As soon as it became clear last Thursday that the BJP scored poorly in the latest set of bypolls, the news set off speculation that the saffron party will further unleash the enforcement agencies against its rivals to pressurise Opposition parties from putting up a joint fight in next year’s general election. While former finance minister P. Chidambaram and his son Karti are already embroiled in the Aircel-Maxis money laundering case, the BJP believes regional leaders are vulnerable when it comes to corruption cases. It is no coincidence then that the CBI recently began inquiries against AirAsia head Tony Fernandes for paying bribes to get approvals for flying on international routes. It now appears that the probe is expected to extend to Rashtriya Lok Dal chief Ajit Singh who was the civil aviation minister during that period. The timing is interesting as the RLD won the Kairana Lok Sabha seat in Uttar Pradesh last Thursday after teaming up with the SP, BSP and Congress. The victory has obviously set alarm bells ringing in the BJP.
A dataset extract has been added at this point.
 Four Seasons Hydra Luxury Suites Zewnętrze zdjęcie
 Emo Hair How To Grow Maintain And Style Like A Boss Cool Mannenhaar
Now that the Karnataka Assembly polls and the drama over government formation is over, the BJP president is focused on planning for the year-end Assembly elections in Madhya Pradesh, Rajasthan and Chhattisgarh as well as the 2019 general election. Realising that of the three northern states, the BJP faces the toughest challenge in Rajasthan, Amit Shah is ready to set up base in Jaipur. He is said to have hired a house in the Pink City as he had done in Karnataka so that he can spend sufficient time in the poll-bound state and monitor preparations for the contest ahead. Predictably, Mr Shah’s focus on Rajasthan has not gone unnoticed by the Congress, which is confident that it will succeed in dethroning the Vasundhara Raje government given the growing anti-incumbency against the chief minister. There is a buzz in Rajasthan Congress that Mr Shah will use all means (both fair and foul) in the run-up to elections to overcome the dwindling popularity ratings of the state government. It is expected that the state will witness a fresh round of religious polarisation in the coming weeks while the use of money and state power will be on full display to engineer defections in the rival camp. The word is out that the Congress in Rajasthan better beware as Mr Shah is arriving with his bag of tricks.

Smriti Irani was known to have easy access to the Prime Minister’s Office during the period she was heading the high-profile information and broadcasting ministry. Given the nature of her work, she was required to interact with the PMO to fine-tune the government’s communications strategy and messaging. This task is monitored closely by the PMO since the next general election is only a year away. According to the capital’s political grapevine, Ms Irani is no longer a regular visitor to the PMO after she was stripped of the I&B ministry. Ms Irani, who is left with the charge of textiles ministry, has been keeping a low profile since then as it has been made abundantly clear that her stock in the party has plummeted. In fact, there is a talk in the BJP circles that Ms Irani may not be picked to take on Congress president Rahul Gandhi in Amethi Lok Sabha constituency in the next year’s general election as a high-profile contest adds to her stature. On the other hand, it will not be surprising if Ms Irani bounces back as she has done in the past.